- [AIM OF THE EXERCISE]: The answer is the exact run of lines in the listing below from the line containing "An 18ct yellow" up to and including the line containing "Professional studio lighting", with pictures removed.

- [ENTRIES SHOWN]:
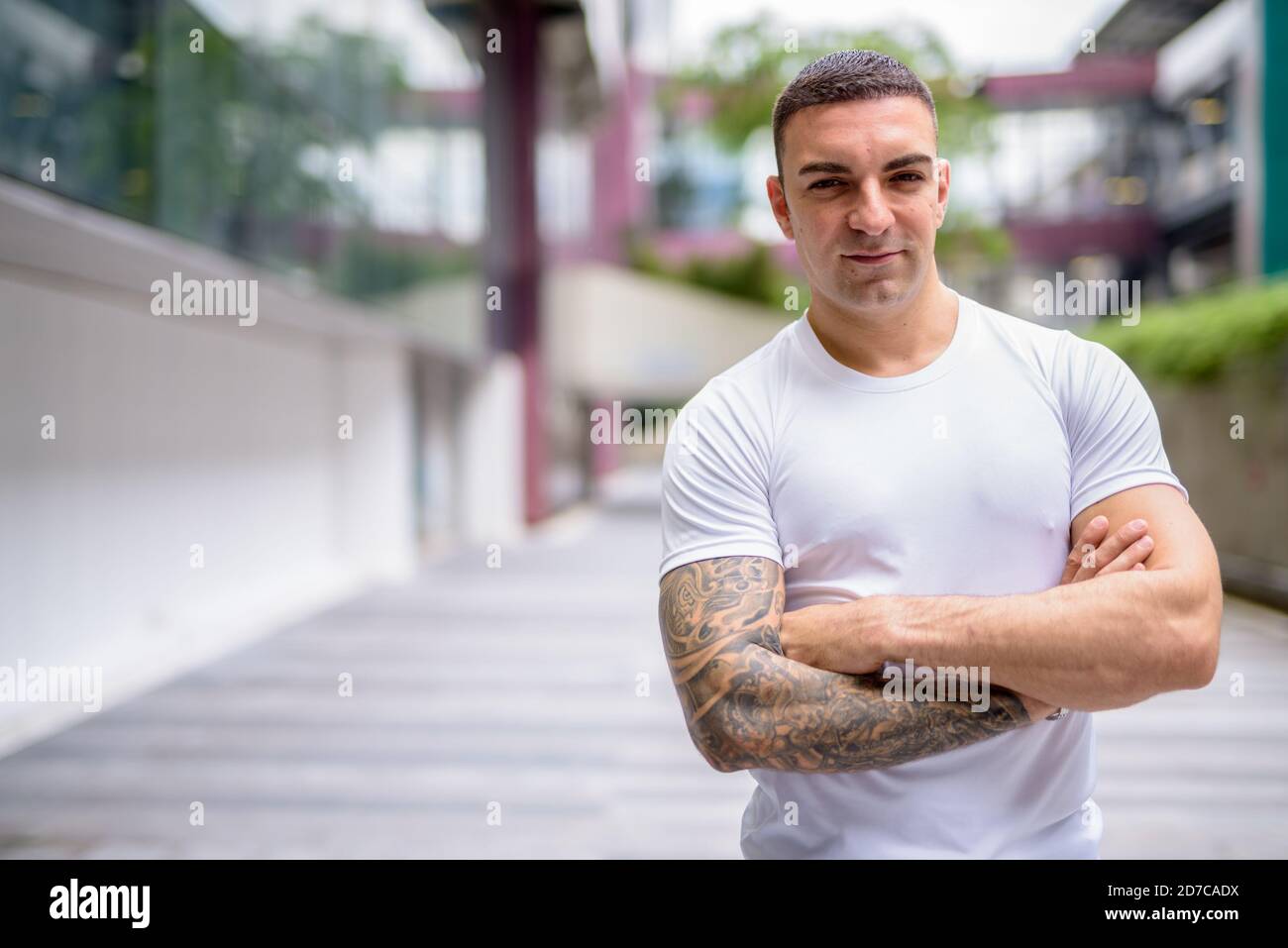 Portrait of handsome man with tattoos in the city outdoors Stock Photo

--

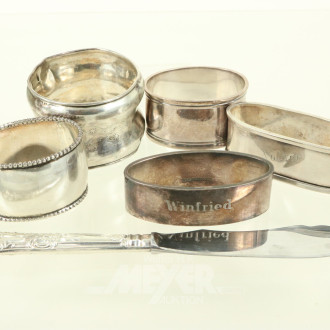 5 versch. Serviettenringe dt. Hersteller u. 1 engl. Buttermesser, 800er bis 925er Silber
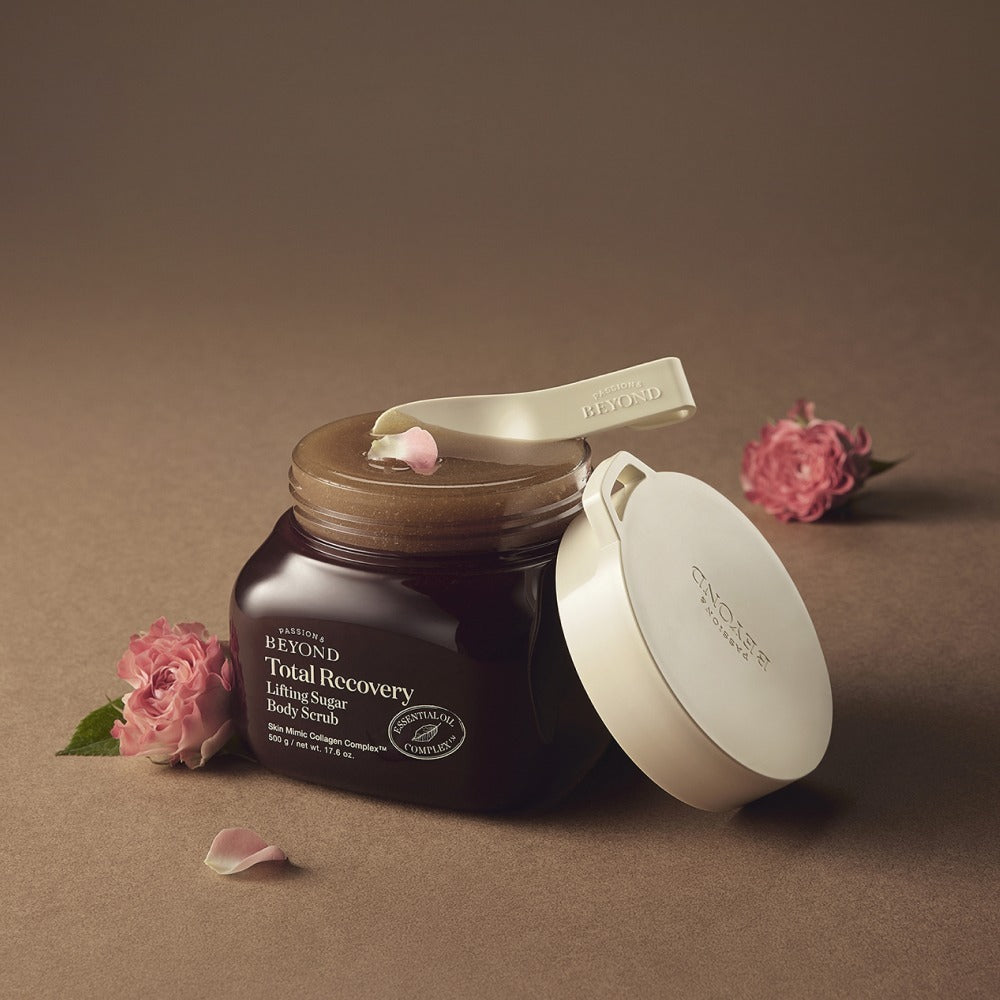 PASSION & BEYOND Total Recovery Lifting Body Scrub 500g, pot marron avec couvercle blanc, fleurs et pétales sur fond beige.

--

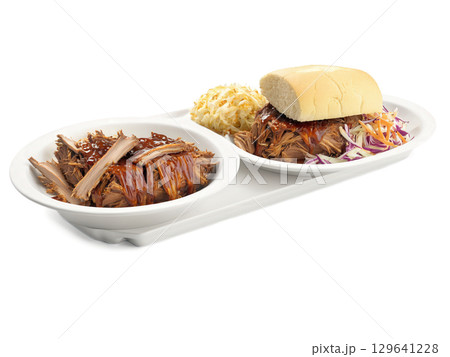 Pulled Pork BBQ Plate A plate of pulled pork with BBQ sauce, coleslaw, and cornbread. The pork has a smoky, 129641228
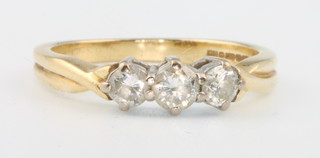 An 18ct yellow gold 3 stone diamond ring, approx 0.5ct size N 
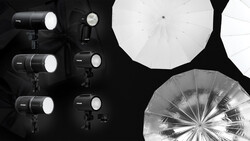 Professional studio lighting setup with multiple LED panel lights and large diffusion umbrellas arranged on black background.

- [TASK ANSWER]:
 An 18ct yellow gold 3 stone diamond ring, approx 0.5ct size N 
 Professional studio lighting setup with multiple LED panel lights and large diffusion umbrellas arranged on black background.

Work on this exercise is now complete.